Frauen im Völkermord in Ruanda: Mütter oder Monster?

In Ruanda sitzen zurzeit etwa 2.000 Frauen wegen Beteiligung am Völkermord in Haft, unter ihnen Bäuerinnen, Richterinnen, Journalistinnen. Ihre Geschichten belegen: Frauen waren nicht nur Opfer des Völkermords. Sie waren auch Täterinnen. -> Aktuelle Artikel, Publikationen und andere Veröffentlichungen über und aus Afrika.

Weibliche Rollenmuster waren in der Zeit vor dem Völkermord in Ruanda klar definiert: Frauen kümmerten sich um die Kinder, bewirteten Gäste, machten den Haushalt und berieten ihre Ehemänner. Auf dem Land war es etwas anders: Dort stand fast jedem vierten Haushalt eine Frau vor.

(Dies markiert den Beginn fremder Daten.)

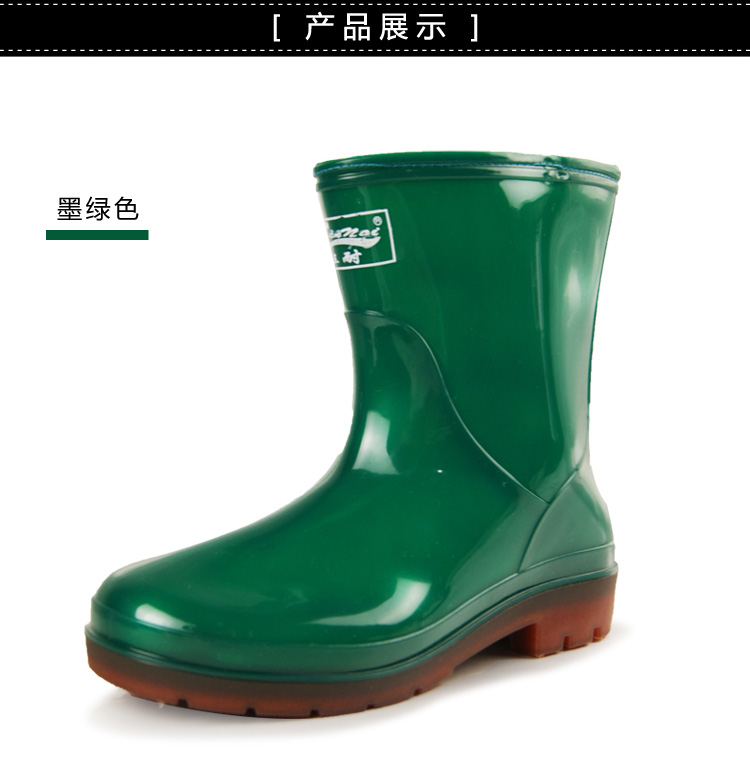 Chaussures - bottes caoutchouc homme pour hiver - semelle tendon - Ref 962413 Image 33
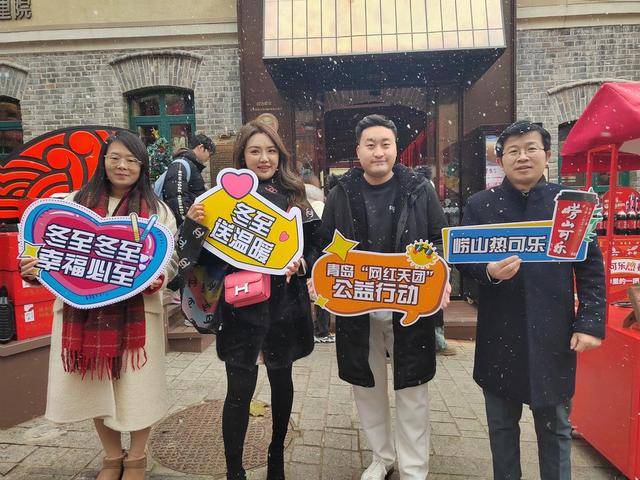 “瓶”水相逢情暖冬至，青岛“网红天团”为户外工作者送崂山热可乐和水饺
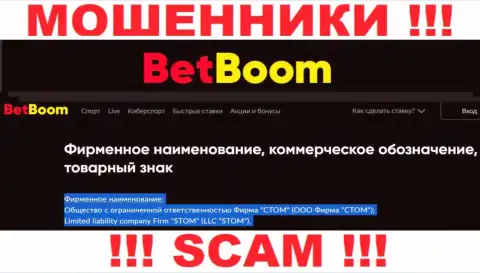 ООО Фирма СТОМ - это юридическое лицо internet-мошенников Бинго Бум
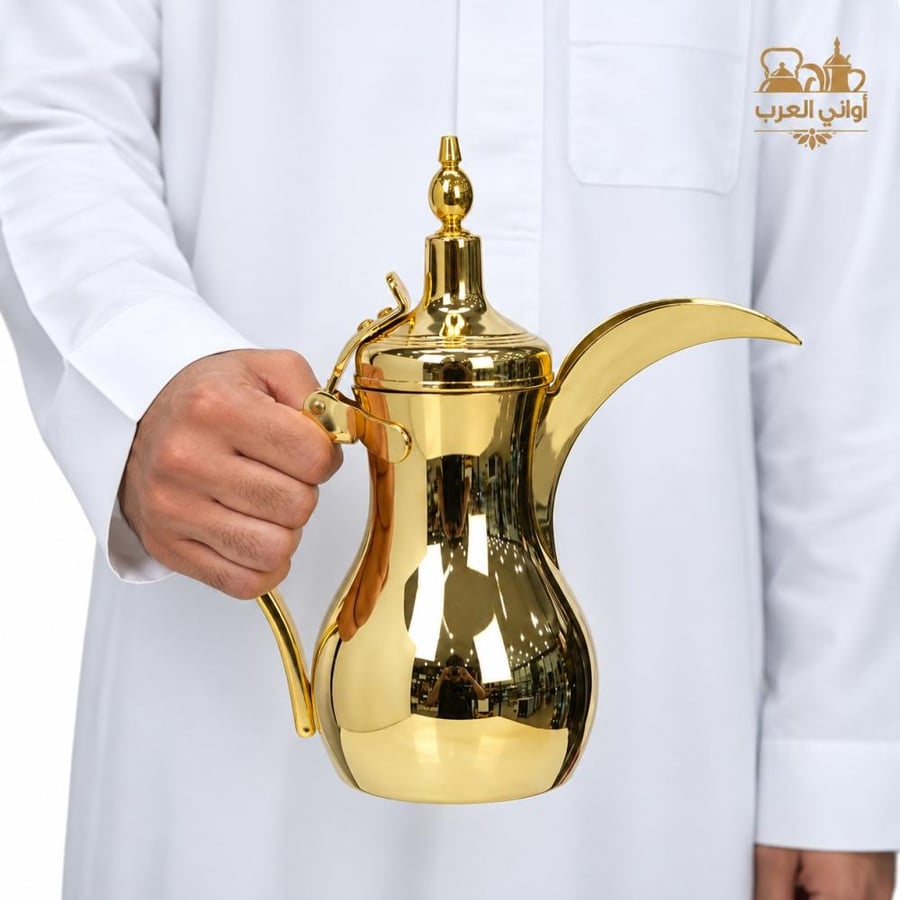 دلة القهوة العربية الرسلان أستيل ذهبي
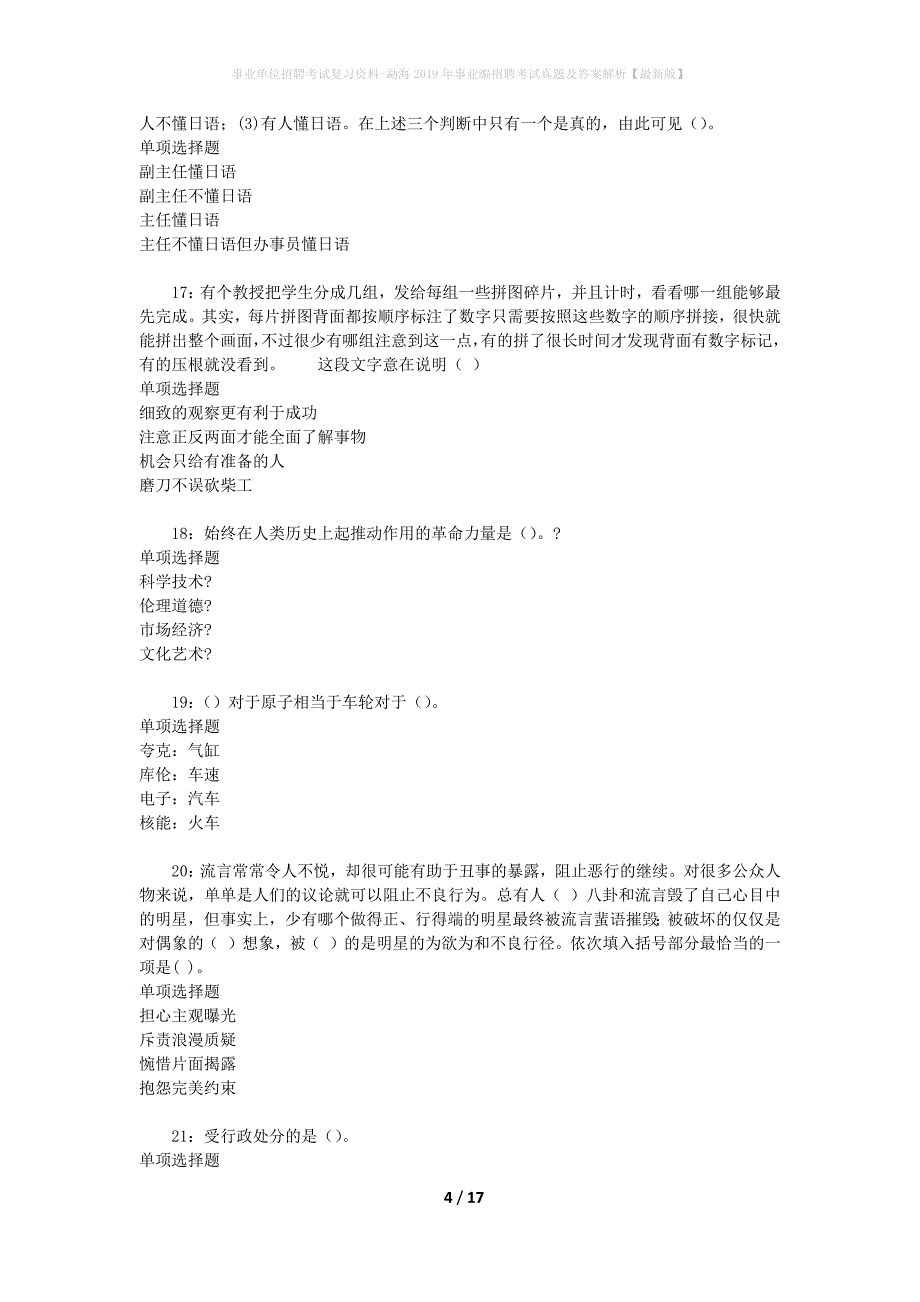 事业单位招聘考试复习资料-勐海2019年事业编招聘考试真题及答案解析【最新版】_第4页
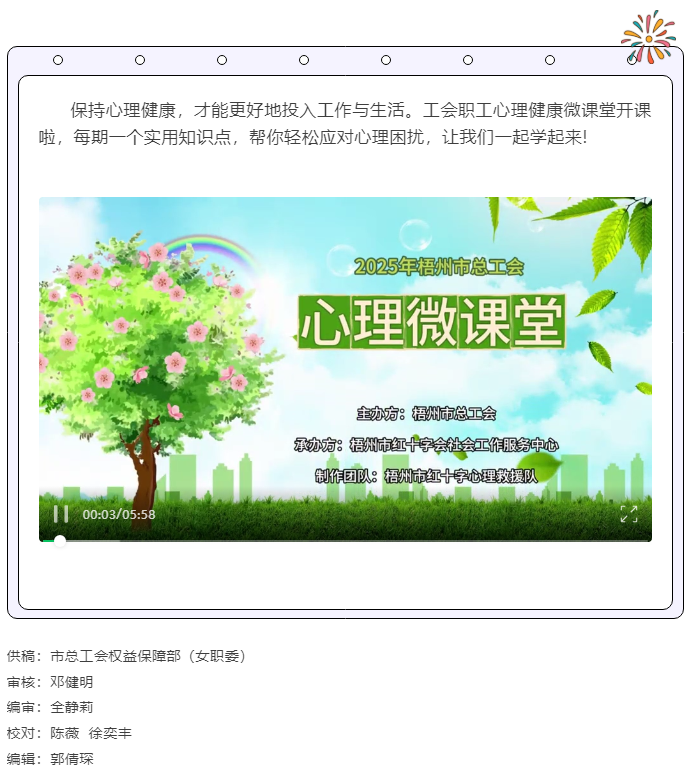 關(guān)愛職工心理健康微課堂開課啦！.png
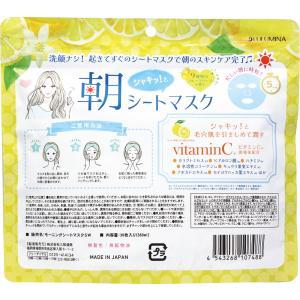 ルルミナ モーニングシートマスク 30枚 10...の詳細画像1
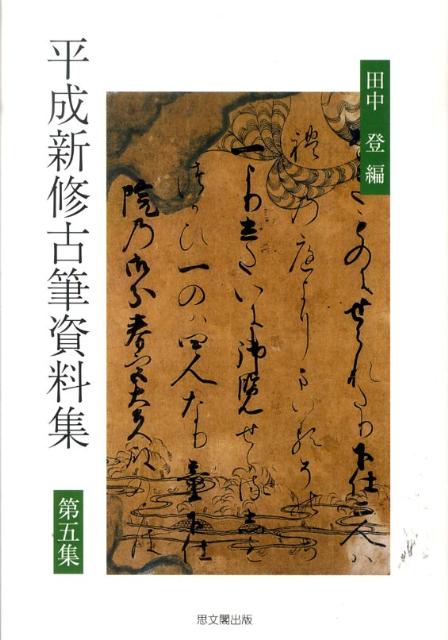 田中登（国文学） 思文閣出版ヘイセイ シンシュウ コヒツ シリョウシュウ タナカ,ノボル 発行年月：2010年09月 ページ数：217， サイズ：全集・双書 ISBN：9784784215379 田中登（タナカノボル） 関西大学文学部教授（本データはこの書籍が刊行された当時に掲載されていたものです） 後鳥羽天皇ー四半切（新古今集）／後深草天皇ー六半切（源氏物語）／伏見天皇ー巻物切（古今集）／後伏見天皇ー巻物切（絵巻詞書）／後二条天皇ー藤波切（八雲御抄）／後醍醐天皇ー六半切（源氏物語）／後光厳天皇ー六半切（源氏物語）／尊良親王ー土佐切（和漢朗詠集）／貞敦親王ー大四半切（平家物語）／道助法親王ー六半切（新古今集）〔ほか〕 本 ホビー・スポーツ・美術 工芸・工作 書道 美容・暮らし・健康・料理 生活の知識 書道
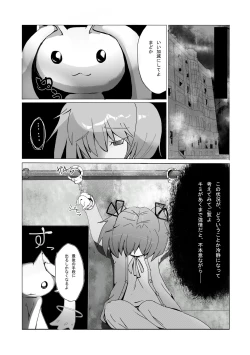 Page 2 of Homura-chan to QB...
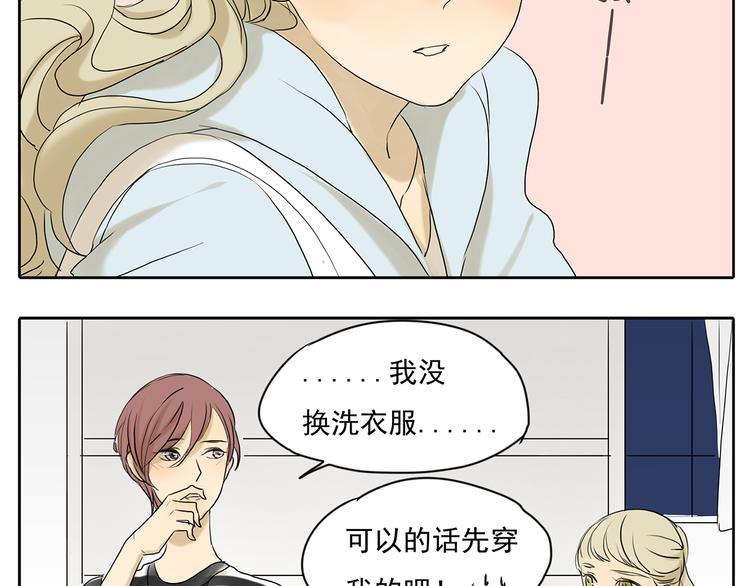 第52话 现在我们是情侣啊25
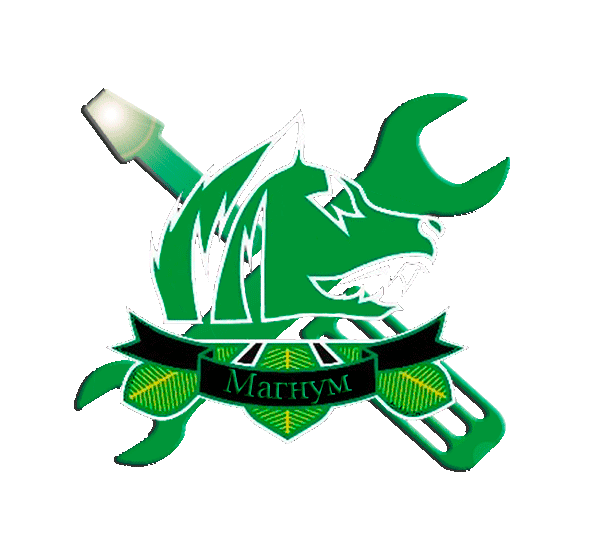 Мастерская "Магнум"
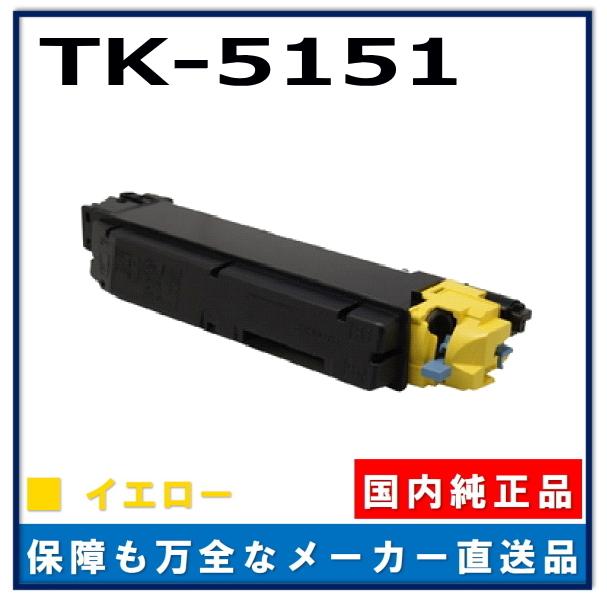 京セラドキュメントソリューションズ 京セラ TK-5151 イエロー 純正品 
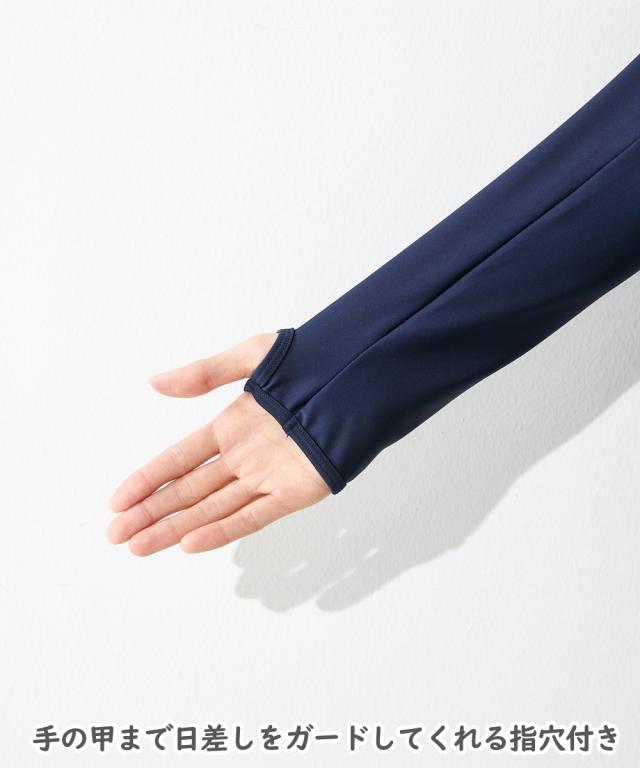 水着 大きいサイズ レディース ラッシュガード ボードショーツ付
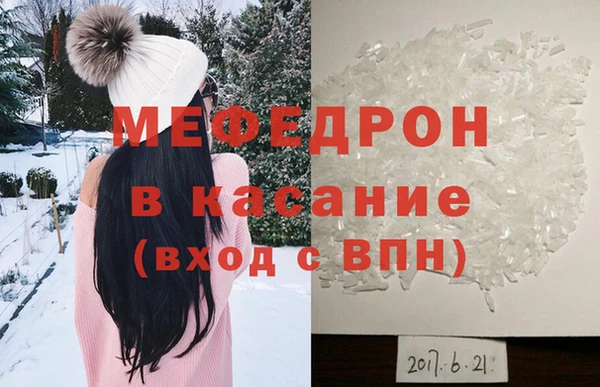 кокаин премиум Дмитриев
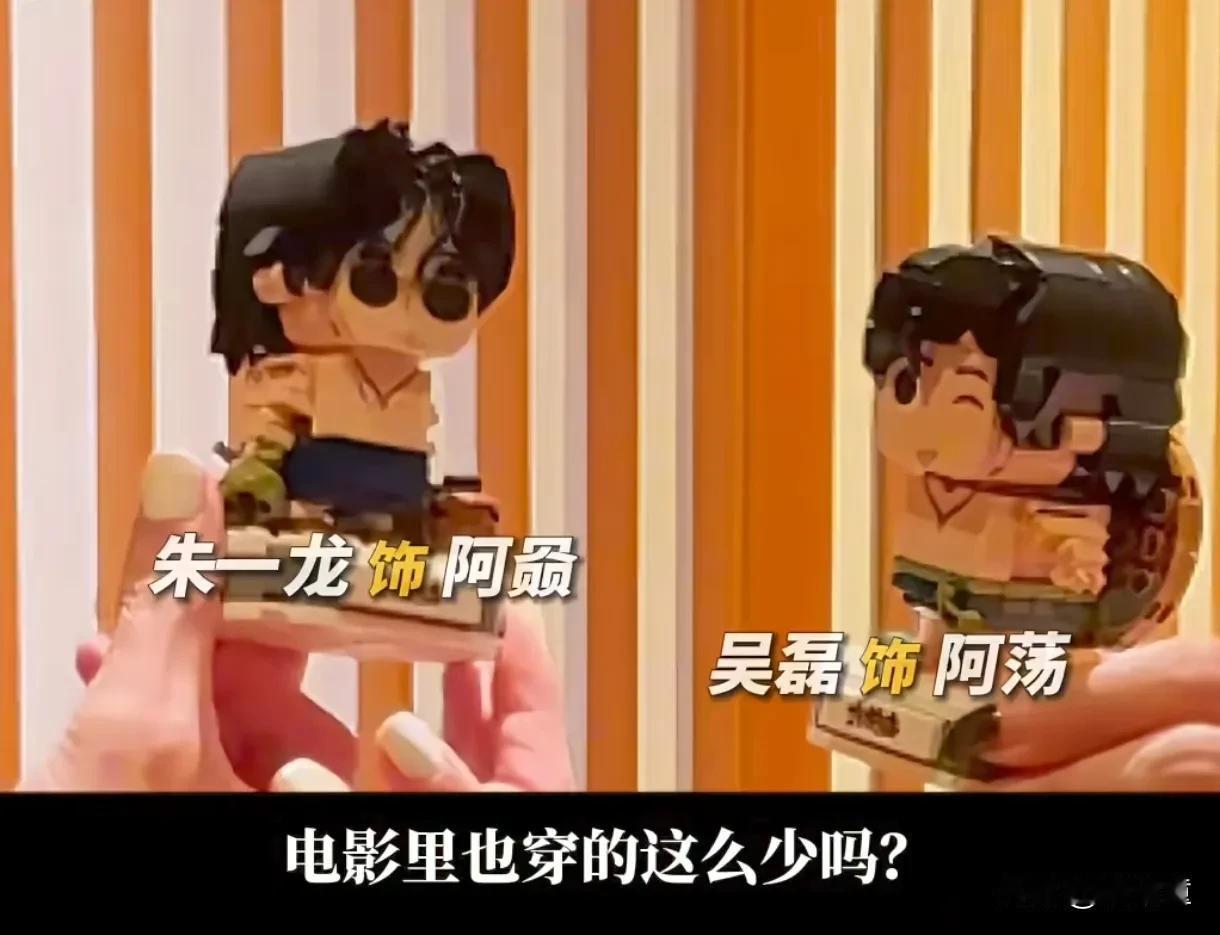 黄渤宋佳真的是冤家！
宋佳与梁静正在讨论朱一龙、吴磊的露肤度，黄渤过来了，还特意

Im politischen Leben spielten Frauen eine eindeutig untergeordnete Rolle. Zwar gab es 1992 drei Ministerinnen, und zwölf von 70 Abgeordneten im Parlament waren Frauen; auf den mittleren und unteren Ebenen der Verwaltung fehlten sie jedoch fast vollständig. Die mächtigsten Frauen Anfang der 1990er Jahre in Ruanda waren die Premierministerin Agathe Uwilingiyimana, eines der ersten Opfer des Völkermords, sowie drei Täterinnen: Agathe Habyarimana, die einflussreiche Frau des Präsidenten, Pauline Nyiramasuhuko, Ministerin für Familie und Frauen, und Agnes Ntamabyaliro, die Justizministerin.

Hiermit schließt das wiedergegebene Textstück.